The Board of Directors recommends a vote FOR the election
of the nominees set forth above as directors of SYNNEX.
Organization of the Board of Directors
The Board of Directors held nine meetings during the fiscal year ended November 30, 2012. Each director attended at least 75% of the total regularly scheduled and special meetings held by the Board, and each director attended 100% of the total regularly scheduled and special meetings held by the committees on which such director served during the director's tenure in the last completed fiscal year, except for Dr. Lee, who attended 67% of the total regularly scheduled and special meetings held by the committee on which he served since he joined the Board in February 2012. We do not have a policy regarding directors' attendance at the Annual Meeting. However, the 2012 Annual Meeting of Stockholders was attended by all directors on the Board of Directors at the time of the meeting.
Our non-management directors meet in regularly scheduled executive sessions without the presence of management. The Chairman of the Board or the Lead Director, as applicable, presides over each such executive session. Currently, Mr. Steffensen is an independent, non-executive Chairman of the Board, so the position of Lead Director remains vacant. Historically, our Chief Executive Officer has not served as our Chairman of the Board and we continue to separate the two positions. Separating the two positions ensures that our Chief Executive Officer is accountable for managing our company in close alignment with the interests of stockholders, eliminates the inherent conflict of interest that arises when the roles are combined, promotes oversight of risk and can serve as a conduit for regular communication with stockholders.
The Board has established four standing committees: the Audit Committee, the Compensation Committee, the Nominating and Corporate Governance Committee and the Executive Committee.

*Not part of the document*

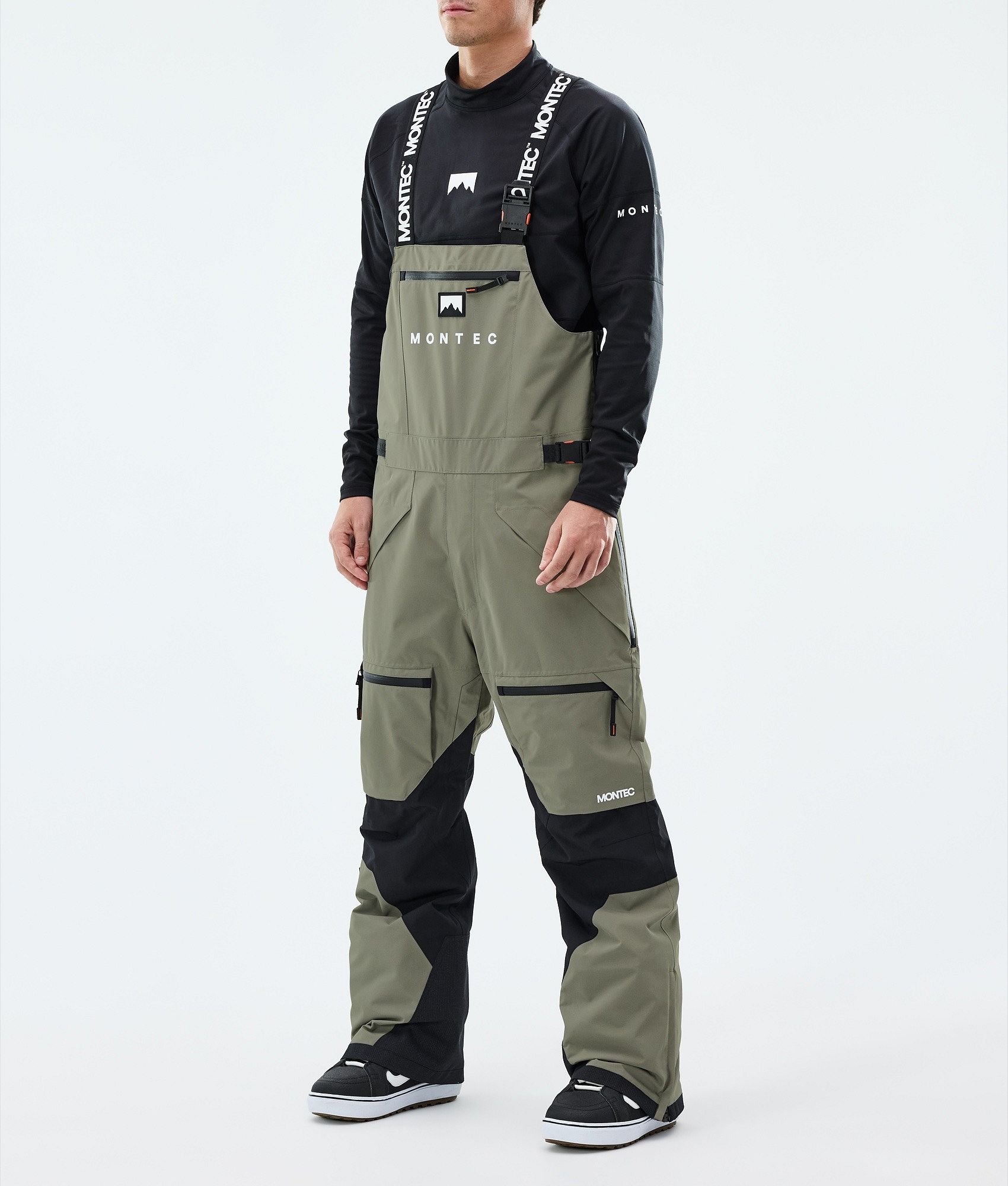 Montec Arch スノボ パンツ メンズ Greenish/Black - グリーン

In addition, from time to time, the Board establishes non-standing committees to address matters that may arise during periods between regularly scheduled meetings and/or specific issues not fully applicable to one of the standing committees. The Board has determined that all members of the Audit, Compensation, and Nominating and Corporate Governance Committees meet the independence standards of the NYSE and rules and regulations of the Securities and Exchange Commission (SEC). With respect to the Executive Committee, at least one half of the members of the Executive Committee meet the independence standards of the NYSE and rules and regulations of the SEC. In addition, each member of the Audit Committee is financially literate as defined by the Board and meets the heightened independence standards of the NYSE and rules and regulations of the SEC applicable to members of the Audit Committee. The Board has approved a charter for each of these standing committees, which can be found on our website at www.synnex.com. Our corporate governance guidelines and code of ethics, which are applicable to our principal executive, financial and accounting officers, directors and employees, are also available on or through our website at www.synnex.com and are available in print to any stockholder upon request. We intend to post any amendments to the corporate governance guidelines or code of ethics on our website.

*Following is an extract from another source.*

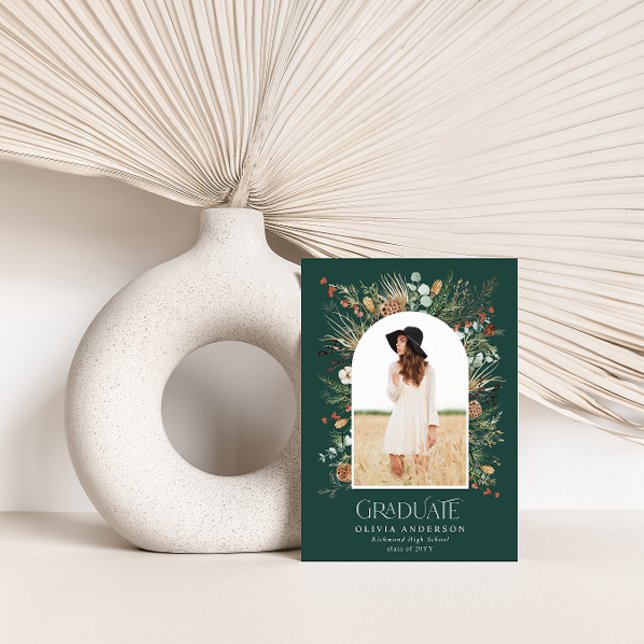 Anúncio Formando 1 floral botânico verde-arco de fotos (Criador carregado)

The following lists the four standing committees and their current members who are director nominees. James Van Horne, who currently is a member of the Audit Committee, will retire from the Board of Directors on March 19, 2013.
Audit Committee
Number of Members:
3
Members:
Gregory Quesnel, Chairman, Audit Committee Financial Expert
 
Hau Lee
 
Andrea Zulberti, Audit Committee Financial Expert
Number of Meetings in fiscal year ended November 30, 2012:
12

6



Functions:
The Audit Committee provides assistance to the Board of Directors in fulfilling its legal and fiduciary obligations in matters involving our accounting, auditing, financial reporting, internal control and legal compliance functions by approving the services performed by our independent registered public accountants and reviewing their reports regarding our accounting practices and systems of internal accounting controls. The Audit Committee also oversees the audit efforts of our independent registered public accountants and takes those actions as it deems necessary to satisfy itself that the accountants are independent of management.

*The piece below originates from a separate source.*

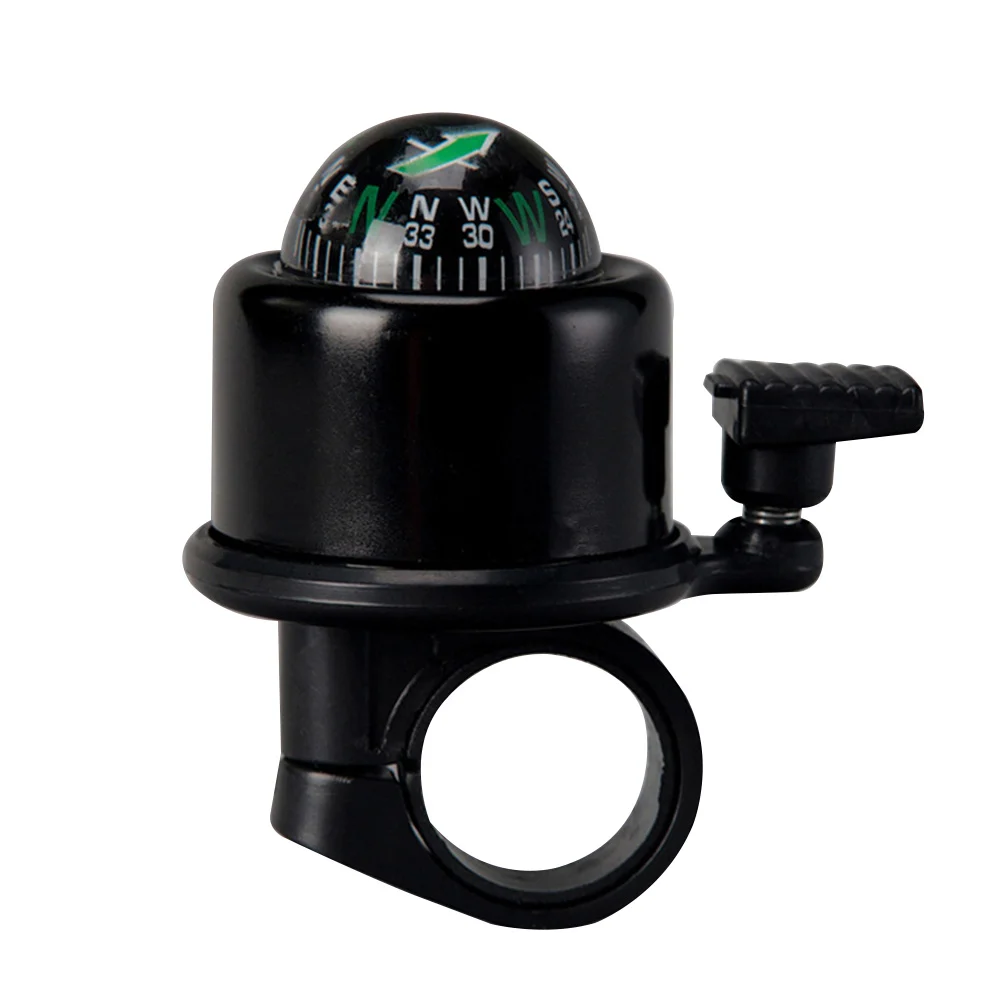 Horn Bell Novelty Bike Cycle Compass Ring Electric Mountain Aluminum Metal Fitness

The Audit Committee is responsible for reviewing the framework by which management discusses our risk profile and risk exposures with the full board and its committees. The Audit Committee meets regularly with our President and Chief Executive Officer, Chief Operating Officer, Chief Financial Officer, Associate Vice President of Internal Audit, independent auditor, General Counsel, Corporate Controller, and other members of senior management to discuss our major financial risk exposures, financial reporting, internal controls, credit and liquidity risk, compliance risk, key operational risks, and risk management framework and programs. Other responsibilities include at least annually reviewing the implementation and effectiveness of our compliance and ethics program and our business continuity plan and test results. The Audit Committee meets regularly in separate executive session with the Associate Vice President of Internal Audit and independent auditor, as well as with committee members only, to facilitate a full and candid discussion of risk and other issues.
Compensation Committee
Number of Members:
4
Members:
Fred Breidenbach, Chairman
 
Thomas Wurster
 
Duane Zitzner
 
Andrea Zulberti
Number of Meetings in fiscal year ended November 30, 2012:
6
Functions:
The Compensation Committee reviews and determines our general compensation policies and the compensation provided to our officers, including targets for annual and long-term bonus plans. The Compensation Committee also reviews, determines and approves bonuses for our officers and other employees. In addition, the Compensation Committee reviews, administers and approves equity-based compensation for our officers and employees and administers our stock option plans and employee stock purchase plan.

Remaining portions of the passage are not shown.